On September 29, the global COVID-19 death toll topped 1 million people, and as of November 17, the figure is 1,332,470 deaths, according to the Johns Hopkins Coronavirus Resource Center.

We don't have an accurate death count for Spanish flu, but estimates range from 17 to 50 million people across the world, and there were possibly even more. The CDC says an estimated one-third of the world's population was infected with the virus, resulting in at least 50 million deaths.

Why did the Spanish flu kill so many people—didn't treatment exist?

Why did so many people die of Spanish flu? First of all, the state of supportive medical care in 1918-19 was primitive by today's standards. "Keep in mind that many deaths related to influenza are actually due to secondary bacterial infections, which today we treat with antibiotics, which were completely unavailable in 1918-19," Dr. Polsky explains. "Additionally, the state of ICU care with modern mechanical ventilation and ECMO (extracorporeal membrane oxygenation. when blood is pumped through an artificial lung back into the bloodstream) were far off into the future."

Dr. Narasimhan points out that no vaccine or antiviral agent was available. "We did not have the scientific advancement for vaccine development, which would have prevented transmission and decreased disease severity and mortality."

The backdrop of World War I was also hugely instrumental in the transmission of the virus that caused Spanish flu. "Military barracks usually have crowding and poor spatial separation, especially in winter months," Dr. Narasimhan says. "The movement of the troops during the war facilitated spread to other susceptible populations. Likewise, the economic circumstances likely caused crowding in winter months, poor ventilation, and congregation—all of which increased spread."

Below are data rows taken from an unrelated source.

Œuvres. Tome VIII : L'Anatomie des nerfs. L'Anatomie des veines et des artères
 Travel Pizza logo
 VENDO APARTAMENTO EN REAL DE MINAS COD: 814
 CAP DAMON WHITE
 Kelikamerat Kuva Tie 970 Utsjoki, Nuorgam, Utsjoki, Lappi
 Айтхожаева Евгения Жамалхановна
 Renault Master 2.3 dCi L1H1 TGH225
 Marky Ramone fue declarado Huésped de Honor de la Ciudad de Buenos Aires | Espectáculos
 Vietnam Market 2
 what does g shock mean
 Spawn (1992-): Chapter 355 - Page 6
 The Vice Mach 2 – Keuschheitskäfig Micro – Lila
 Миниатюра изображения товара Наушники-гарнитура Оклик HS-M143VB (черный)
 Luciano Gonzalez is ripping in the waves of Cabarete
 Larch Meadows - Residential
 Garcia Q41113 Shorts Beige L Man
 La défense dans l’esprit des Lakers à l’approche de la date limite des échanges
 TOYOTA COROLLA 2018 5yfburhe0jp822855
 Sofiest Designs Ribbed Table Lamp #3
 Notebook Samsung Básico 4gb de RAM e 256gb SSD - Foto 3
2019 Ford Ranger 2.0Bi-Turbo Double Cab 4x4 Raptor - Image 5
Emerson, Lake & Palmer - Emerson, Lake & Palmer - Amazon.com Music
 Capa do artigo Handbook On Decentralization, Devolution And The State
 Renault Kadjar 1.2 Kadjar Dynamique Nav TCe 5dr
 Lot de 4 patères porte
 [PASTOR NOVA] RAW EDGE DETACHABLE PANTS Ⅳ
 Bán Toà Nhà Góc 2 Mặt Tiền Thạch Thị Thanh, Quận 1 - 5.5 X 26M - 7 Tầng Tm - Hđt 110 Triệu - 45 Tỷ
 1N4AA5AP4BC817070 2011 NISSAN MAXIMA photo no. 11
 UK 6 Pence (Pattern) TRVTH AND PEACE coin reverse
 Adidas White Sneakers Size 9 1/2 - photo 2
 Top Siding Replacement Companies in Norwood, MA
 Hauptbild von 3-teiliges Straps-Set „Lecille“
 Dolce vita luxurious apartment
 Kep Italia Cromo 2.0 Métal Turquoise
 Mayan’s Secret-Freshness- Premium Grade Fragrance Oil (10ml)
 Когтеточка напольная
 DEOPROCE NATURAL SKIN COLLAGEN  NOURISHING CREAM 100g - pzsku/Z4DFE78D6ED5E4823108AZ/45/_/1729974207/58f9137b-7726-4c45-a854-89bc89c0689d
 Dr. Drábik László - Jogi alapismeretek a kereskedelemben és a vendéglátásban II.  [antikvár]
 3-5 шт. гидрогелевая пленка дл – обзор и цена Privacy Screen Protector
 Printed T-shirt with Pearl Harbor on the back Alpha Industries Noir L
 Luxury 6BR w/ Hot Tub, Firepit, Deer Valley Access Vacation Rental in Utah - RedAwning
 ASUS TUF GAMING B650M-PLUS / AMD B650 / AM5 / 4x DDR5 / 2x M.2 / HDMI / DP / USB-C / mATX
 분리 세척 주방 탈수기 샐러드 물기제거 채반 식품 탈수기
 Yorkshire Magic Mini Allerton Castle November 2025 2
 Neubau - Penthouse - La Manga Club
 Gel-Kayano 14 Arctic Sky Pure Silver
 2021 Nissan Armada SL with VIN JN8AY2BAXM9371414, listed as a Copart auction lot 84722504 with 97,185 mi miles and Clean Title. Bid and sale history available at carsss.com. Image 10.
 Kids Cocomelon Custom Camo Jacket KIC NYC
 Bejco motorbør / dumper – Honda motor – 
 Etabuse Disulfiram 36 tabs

Also, standards of hygiene were lower 100 years ago. "But interestingly, the advice given during that time is nearly identical to what we advise for COVID-19: masking, keeping away from sick people, and washing your hands," Dr. Narasimhan notes.

The information in this story is accurate as of press time. However, as the situation surrounding COVID-19 continues to evolve, it's possible that some data have changed since publication. While Health is trying to keep our stories as up-to-date as possible, we also encourage readers to stay informed on news and recommendations for their own communities by using the CDCWHO, and their local public health department as resources.